- _RECORDED DATA_:
=== Begin Enclosure ===
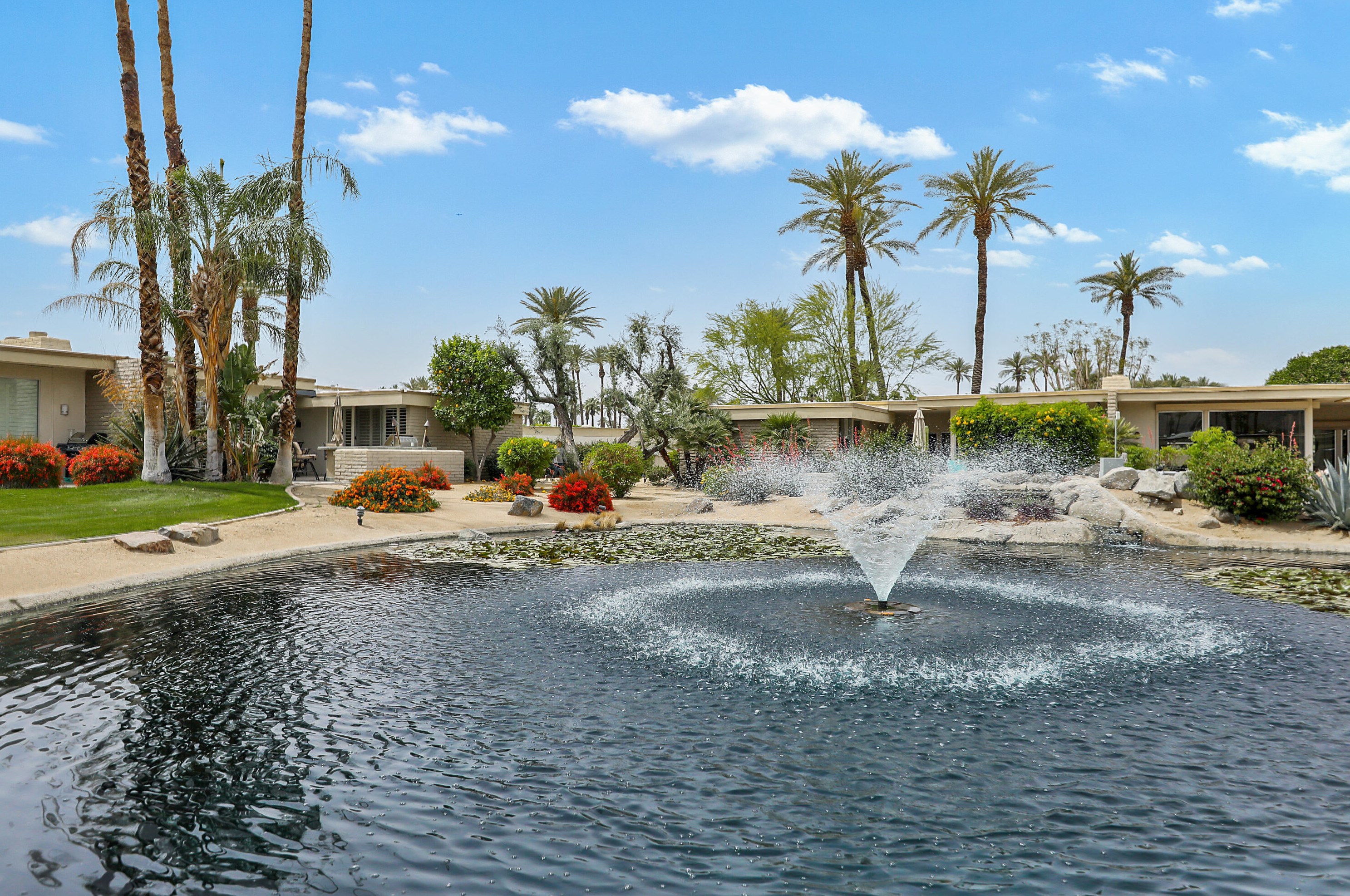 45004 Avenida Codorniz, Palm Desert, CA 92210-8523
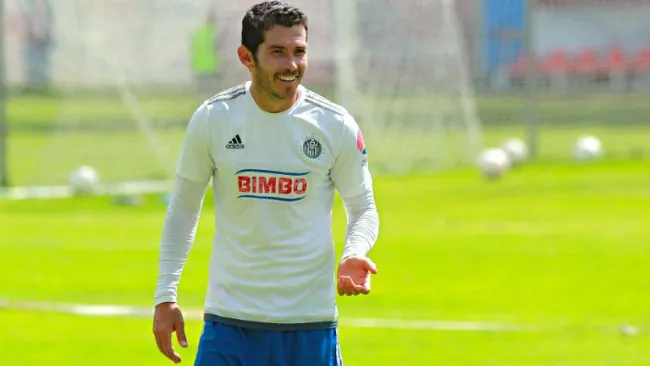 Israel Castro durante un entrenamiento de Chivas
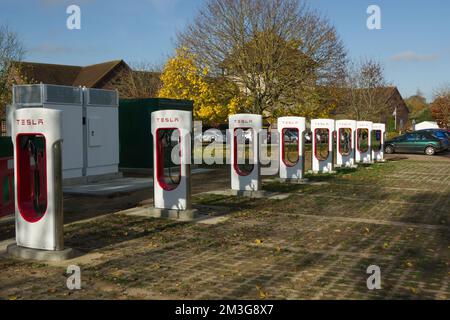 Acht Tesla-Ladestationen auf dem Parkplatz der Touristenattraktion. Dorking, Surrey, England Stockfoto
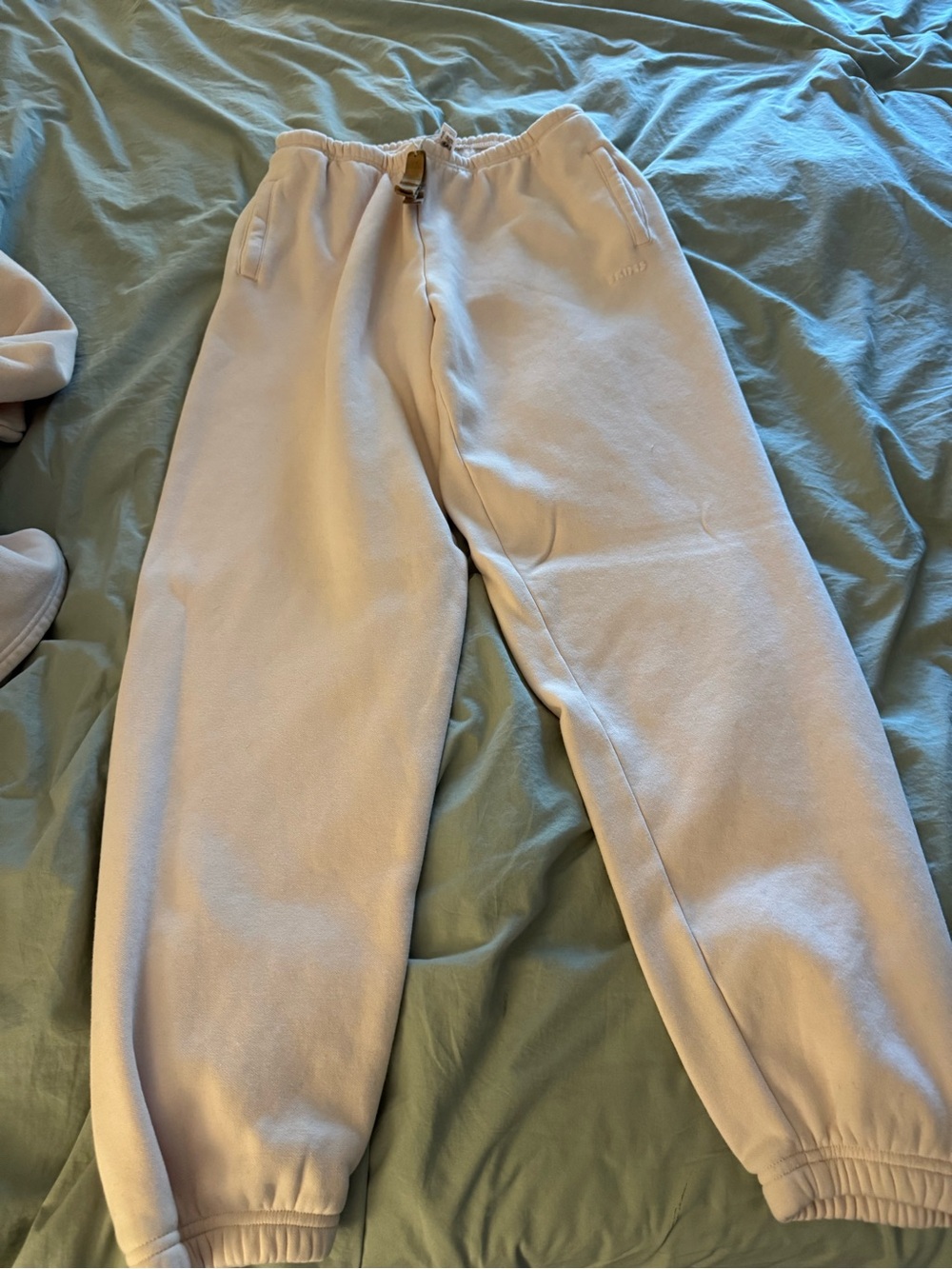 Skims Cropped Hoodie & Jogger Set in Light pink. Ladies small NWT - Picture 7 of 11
=== End Enclosure ===
- _PROBLEM REQUIREMENTS_:
Everything in the data must be printed verbatim except the pictures.

- _WRITTEN SOLUTION_:
 45004 Avenida Codorniz, Palm Desert, CA 92210-8523
 Israel Castro durante un entrenamiento de Chivas
 Acht Tesla-Ladestationen auf dem Parkplatz der Touristenattraktion. Dorking, Surrey, England Stockfoto
 Skims Cropped Hoodie & Jogger Set in Light pink. Ladies small NWT - Picture 7 of 11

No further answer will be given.